_Activity:_ Transcribe, with complete accuracy, all of the entries below except for the pictures.

_Recorded data:_
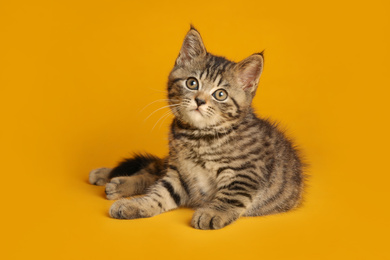 Photo of Cute tabby kitten on yellow background. Baby animal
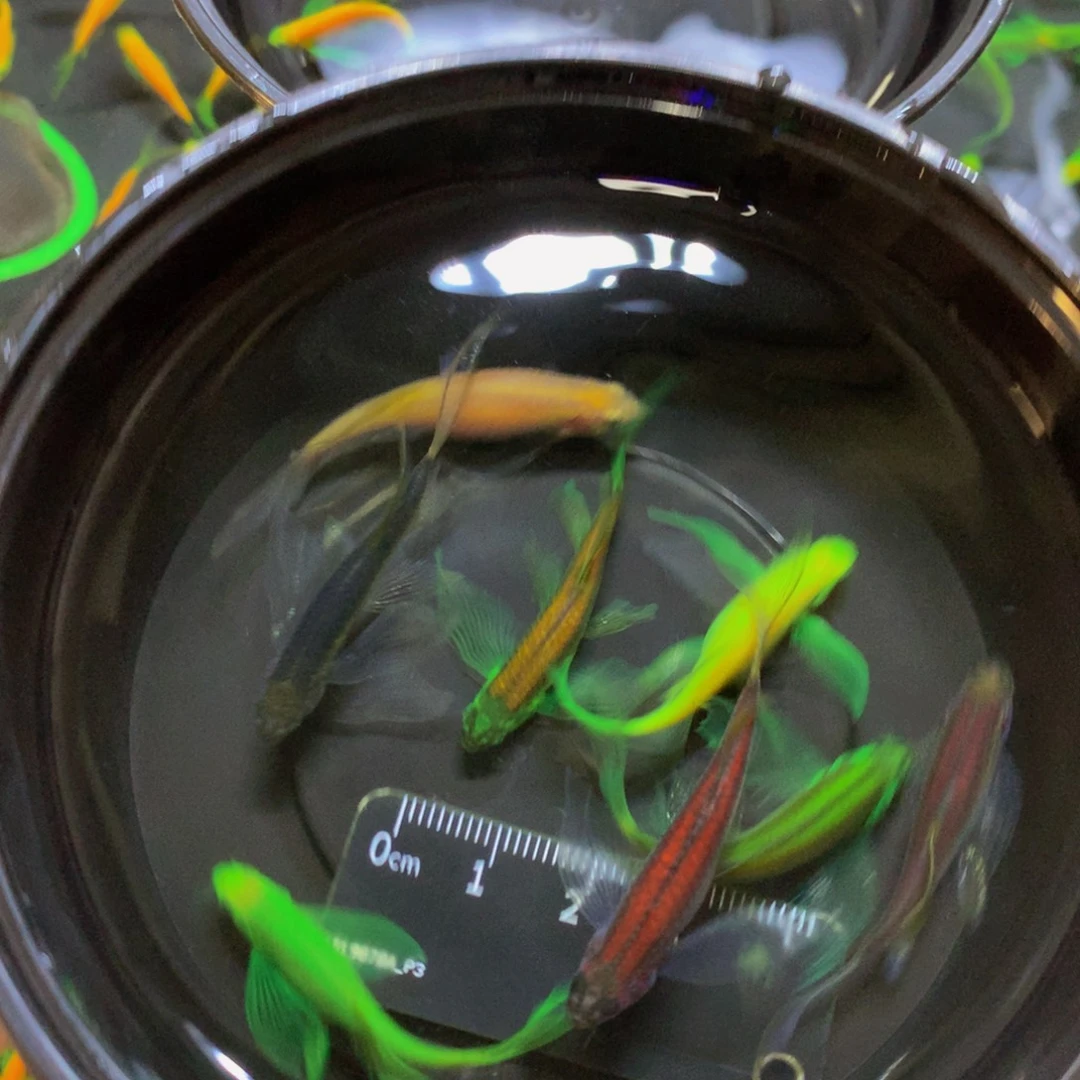 斑马鱼蝶翼斑马混搭8条（4-5厘米）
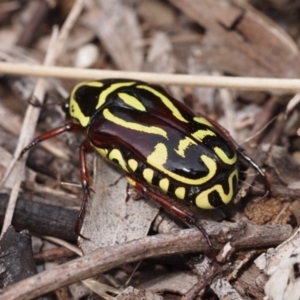 Eupoecila australasiae at Macquarie, ACT - 24 Dec 2016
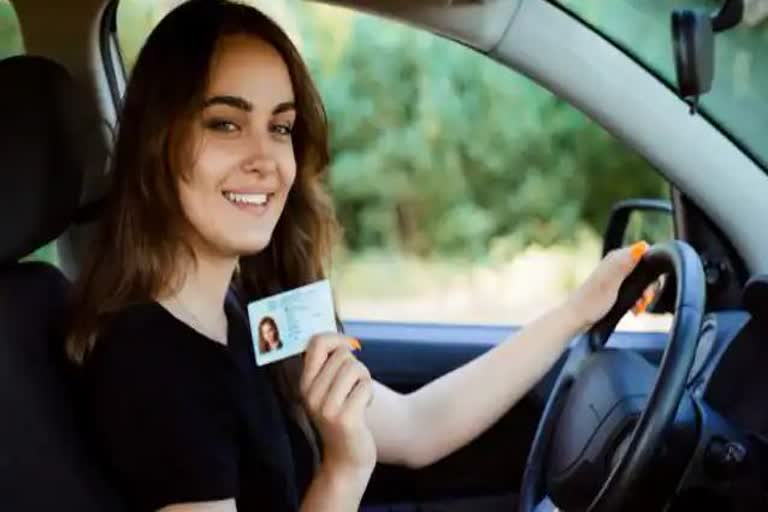 अंतरराष्ट्रीय ड्राइविंग लाइसेंस, international driving licenses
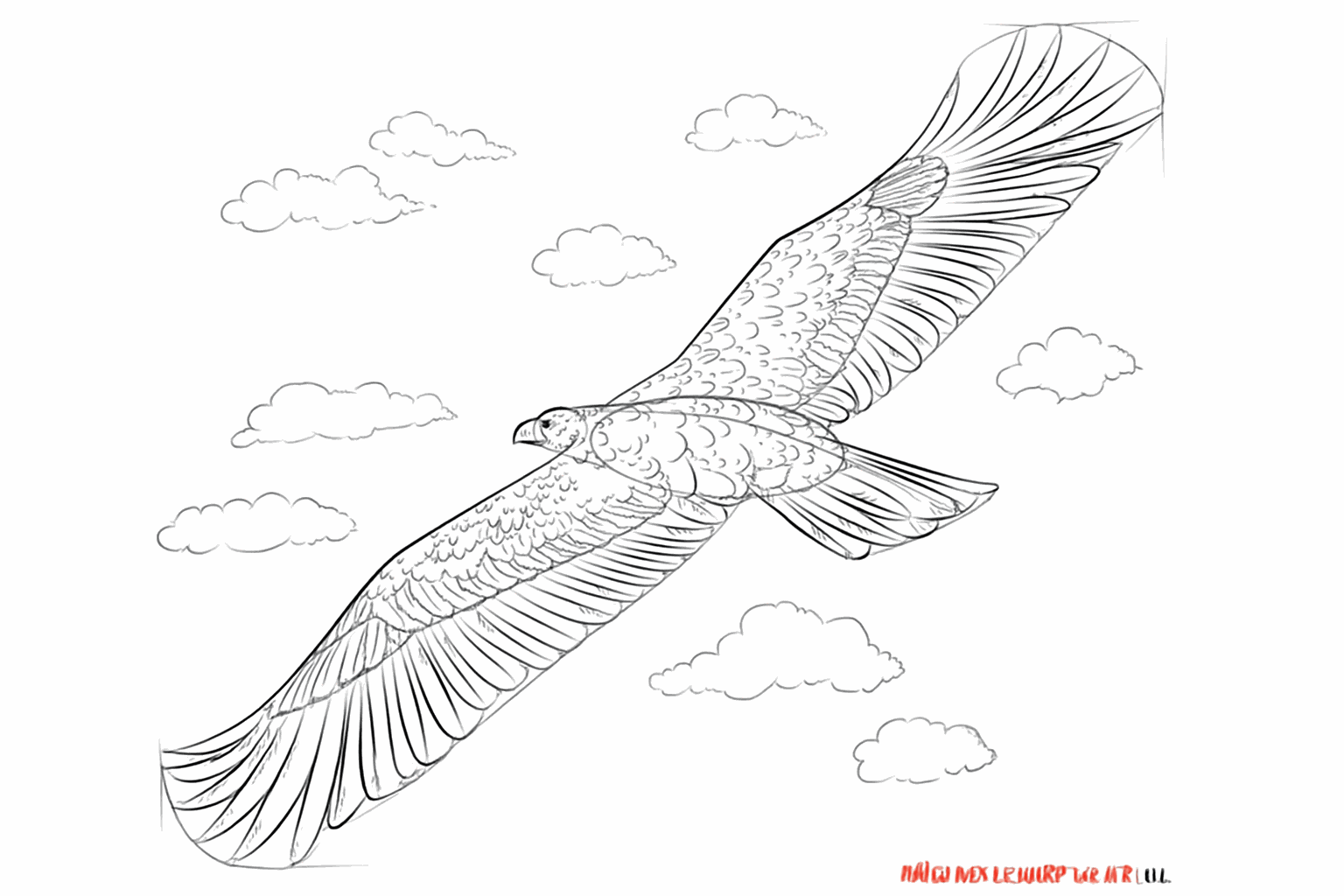 More details of feathers over the entire body and the wings of the bird.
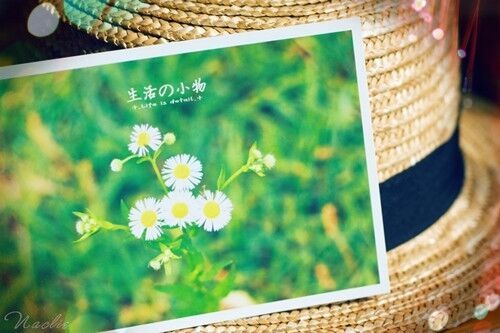 霸道的男生游戲名字(共720個(gè))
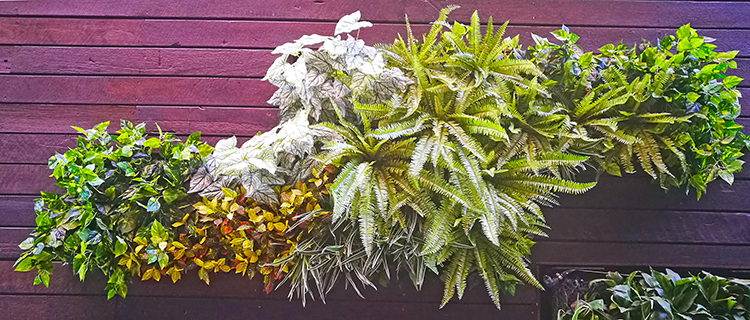 Artificial Green Walls in Shopping Mall image 5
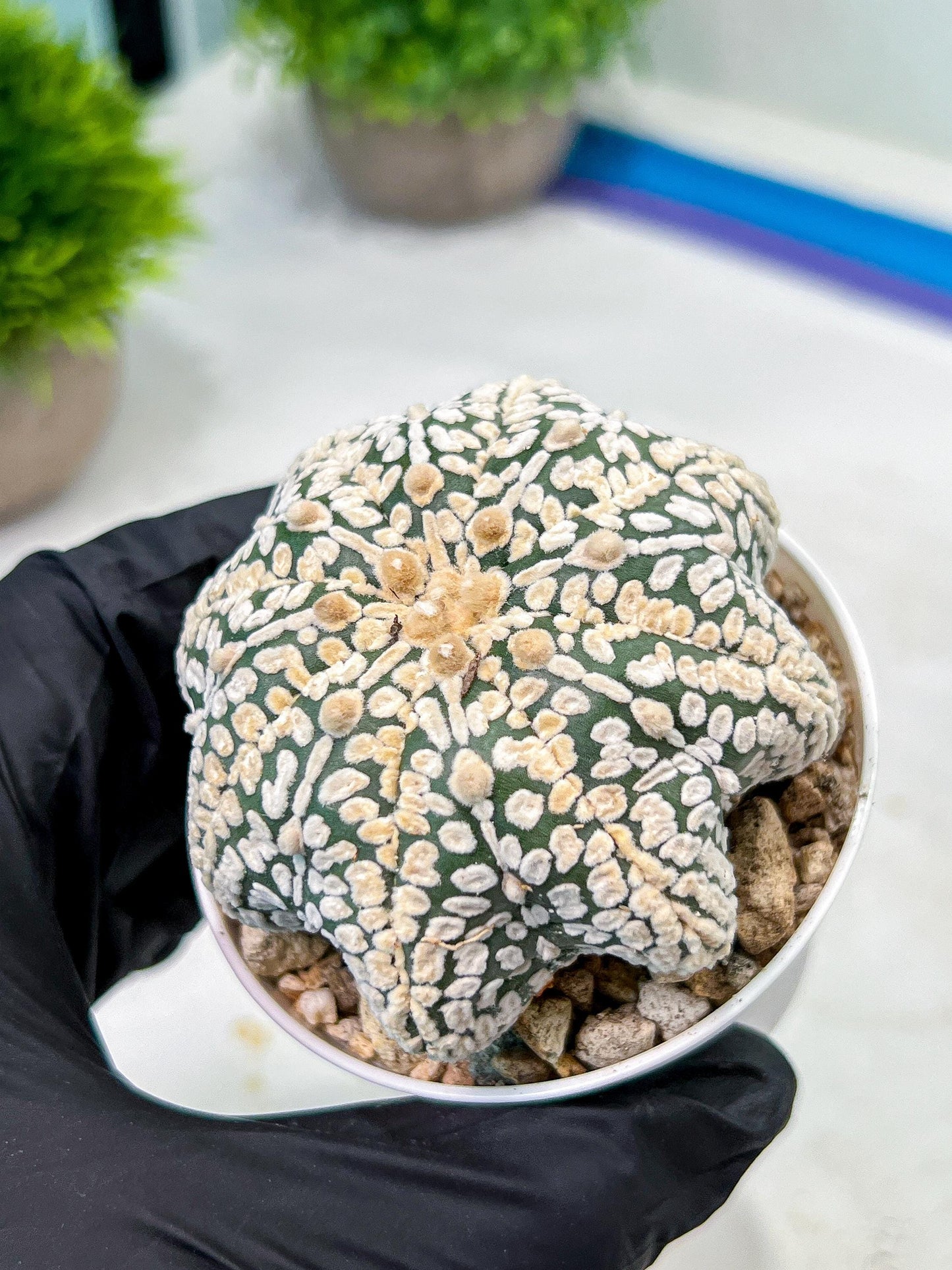 Custom Order- We’ll send you the exact live plant pictured (T9) (r2) | Las Vegas Plant Shop | 3" Pot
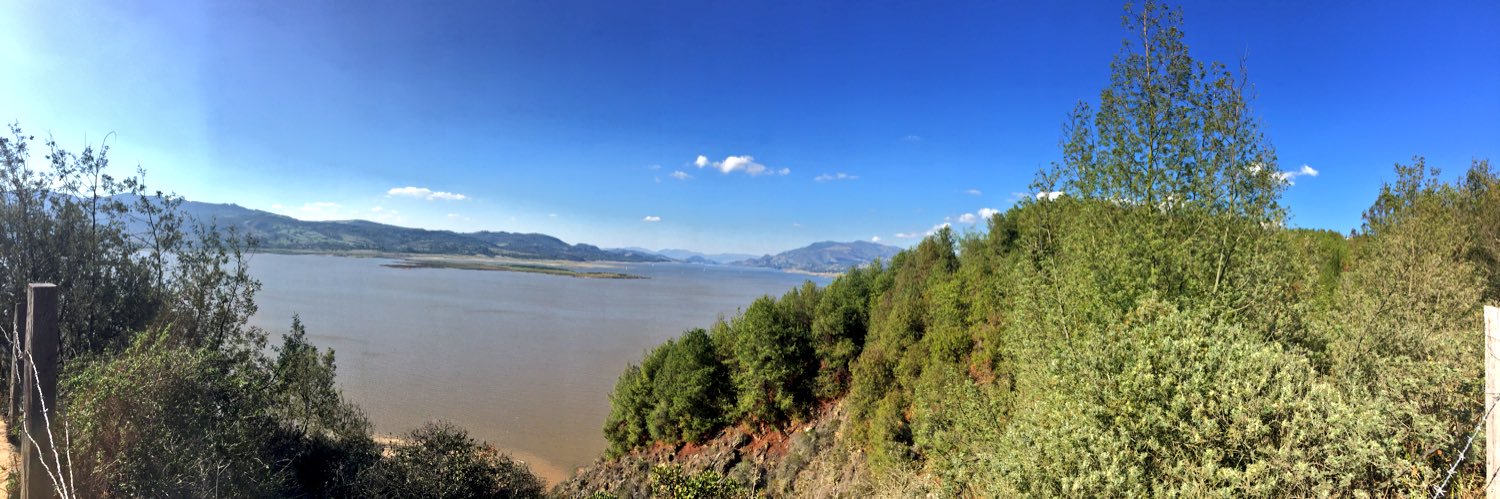 Luis F Malaver banner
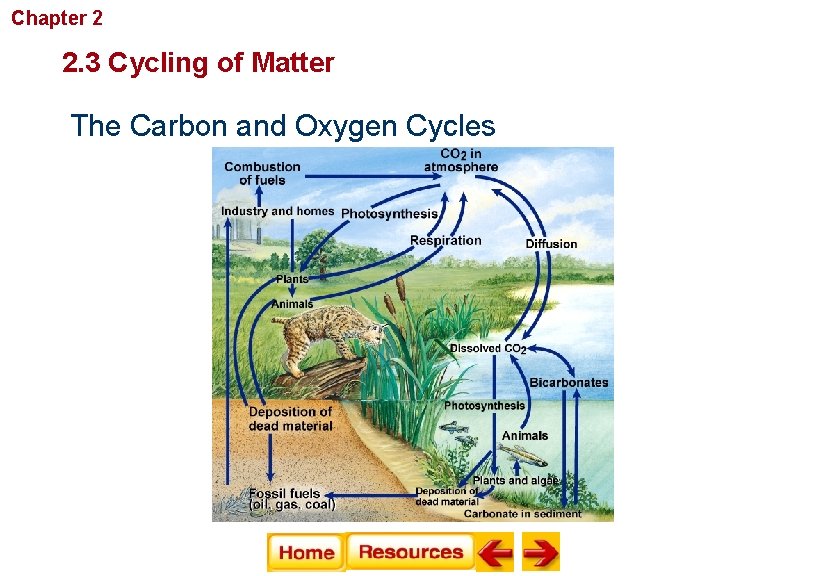 Chapter 2 Principles of Ecology 2. 3 Cycling of Matter The Carbon and Oxygen
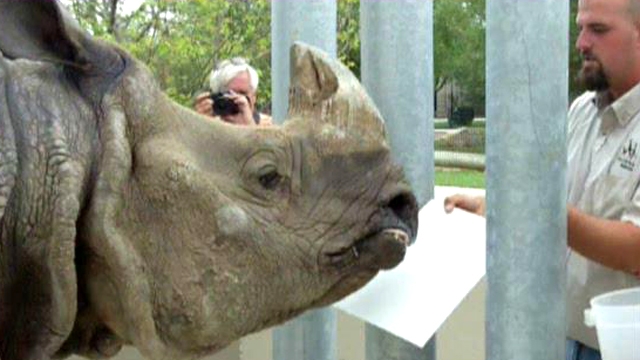 Wild America: Rhino Rembrandt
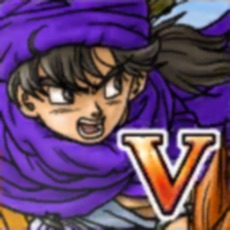 Activities of DRAGON QUEST V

_Result of the exercise:_
 Photo of Cute tabby kitten on yellow background. Baby animal
 斑马鱼蝶翼斑马混搭8条（4-5厘米）
 Eupoecila australasiae at Macquarie, ACT - 24 Dec 2016
 अंतरराष्ट्रीय ड्राइविंग लाइसेंस, international driving licenses
 More details of feathers over the entire body and the wings of the bird.
 霸道的男生游戲名字(共720個(gè))
 Artificial Green Walls in Shopping Mall image 5
 Custom Order- We’ll send you the exact live plant pictured (T9) (r2) | Las Vegas Plant Shop | 3" Pot
 Luis F Malaver banner
 Chapter 2 Principles of Ecology 2. 3 Cycling of Matter The Carbon and Oxygen
 Wild America: Rhino Rembrandt
 Activities of DRAGON QUEST V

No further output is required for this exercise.